- _Exercise objective_
Please print the records below exactly as they are written.

- _Records contained in a dataset_
.....

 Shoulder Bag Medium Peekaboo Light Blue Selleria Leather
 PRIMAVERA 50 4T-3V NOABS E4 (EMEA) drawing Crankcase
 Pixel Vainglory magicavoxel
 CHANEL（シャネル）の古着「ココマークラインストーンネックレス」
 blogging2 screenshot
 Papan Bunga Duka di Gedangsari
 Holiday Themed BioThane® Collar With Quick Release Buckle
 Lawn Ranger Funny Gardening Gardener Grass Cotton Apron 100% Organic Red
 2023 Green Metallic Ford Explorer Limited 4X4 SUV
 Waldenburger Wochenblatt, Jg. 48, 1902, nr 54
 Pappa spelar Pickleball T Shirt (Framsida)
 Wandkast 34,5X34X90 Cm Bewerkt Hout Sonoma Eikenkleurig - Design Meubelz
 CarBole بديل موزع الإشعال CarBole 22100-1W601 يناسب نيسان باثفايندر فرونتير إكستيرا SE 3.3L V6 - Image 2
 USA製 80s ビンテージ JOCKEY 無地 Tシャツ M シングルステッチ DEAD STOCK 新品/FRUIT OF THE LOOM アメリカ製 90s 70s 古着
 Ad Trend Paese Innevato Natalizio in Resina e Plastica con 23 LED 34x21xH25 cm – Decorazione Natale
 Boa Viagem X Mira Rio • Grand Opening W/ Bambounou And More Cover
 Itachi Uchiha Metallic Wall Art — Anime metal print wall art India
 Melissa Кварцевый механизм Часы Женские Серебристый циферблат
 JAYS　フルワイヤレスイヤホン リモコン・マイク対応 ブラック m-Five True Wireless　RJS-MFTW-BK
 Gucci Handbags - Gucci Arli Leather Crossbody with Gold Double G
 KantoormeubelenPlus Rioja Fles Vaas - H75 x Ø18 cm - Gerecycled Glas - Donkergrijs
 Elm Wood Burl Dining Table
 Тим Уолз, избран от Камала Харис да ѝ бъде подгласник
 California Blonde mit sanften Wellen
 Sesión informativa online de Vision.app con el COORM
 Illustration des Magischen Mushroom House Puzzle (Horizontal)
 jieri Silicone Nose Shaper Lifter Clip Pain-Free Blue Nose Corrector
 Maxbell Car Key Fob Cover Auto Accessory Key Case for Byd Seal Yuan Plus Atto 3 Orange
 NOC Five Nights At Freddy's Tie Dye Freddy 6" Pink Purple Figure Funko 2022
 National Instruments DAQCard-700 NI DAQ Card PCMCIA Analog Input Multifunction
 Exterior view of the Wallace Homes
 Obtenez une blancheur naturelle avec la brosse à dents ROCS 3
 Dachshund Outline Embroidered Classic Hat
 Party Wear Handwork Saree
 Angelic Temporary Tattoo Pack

.....

- _Answer to the exercise_
 Shoulder Bag Medium Peekaboo Light Blue Selleria Leather
 PRIMAVERA 50 4T-3V NOABS E4 (EMEA) drawing Crankcase
 Pixel Vainglory magicavoxel
 CHANEL（シャネル）の古着「ココマークラインストーンネックレス」
 blogging2 screenshot
 Papan Bunga Duka di Gedangsari
 Holiday Themed BioThane® Collar With Quick Release Buckle
 Lawn Ranger Funny Gardening Gardener Grass Cotton Apron 100% Organic Red
 2023 Green Metallic Ford Explorer Limited 4X4 SUV
 Waldenburger Wochenblatt, Jg. 48, 1902, nr 54
 Pappa spelar Pickleball T Shirt (Framsida)
 Wandkast 34,5X34X90 Cm Bewerkt Hout Sonoma Eikenkleurig - Design Meubelz
 CarBole بديل موزع الإشعال CarBole 22100-1W601 يناسب نيسان باثفايندر فرونتير إكستيرا SE 3.3L V6 - Image 2
 USA製 80s ビンテージ JOCKEY 無地 Tシャツ M シングルステッチ DEAD STOCK 新品/FRUIT OF THE LOOM アメリカ製 90s 70s 古着
 Ad Trend Paese Innevato Natalizio in Resina e Plastica con 23 LED 34x21xH25 cm – Decorazione Natale
 Boa Viagem X Mira Rio • Grand Opening W/ Bambounou And More Cover
 Itachi Uchiha Metallic Wall Art — Anime metal print wall art India
 Melissa Кварцевый механизм Часы Женские Серебристый циферблат
 JAYS　フルワイヤレスイヤホン リモコン・マイク対応 ブラック m-Five True Wireless　RJS-MFTW-BK
 Gucci Handbags - Gucci Arli Leather Crossbody with Gold Double G
 KantoormeubelenPlus Rioja Fles Vaas - H75 x Ø18 cm - Gerecycled Glas - Donkergrijs
 Elm Wood Burl Dining Table
 Тим Уолз, избран от Камала Харис да ѝ бъде подгласник
 California Blonde mit sanften Wellen
 Sesión informativa online de Vision.app con el COORM
 Illustration des Magischen Mushroom House Puzzle (Horizontal)
 jieri Silicone Nose Shaper Lifter Clip Pain-Free Blue Nose Corrector
 Maxbell Car Key Fob Cover Auto Accessory Key Case for Byd Seal Yuan Plus Atto 3 Orange
 NOC Five Nights At Freddy's Tie Dye Freddy 6" Pink Purple Figure Funko 2022
 National Instruments DAQCard-700 NI DAQ Card PCMCIA Analog Input Multifunction
 Exterior view of the Wallace Homes
 Obtenez une blancheur naturelle avec la brosse à dents ROCS 3
 Dachshund Outline Embroidered Classic Hat
 Party Wear Handwork Saree
 Angelic Temporary Tattoo Pack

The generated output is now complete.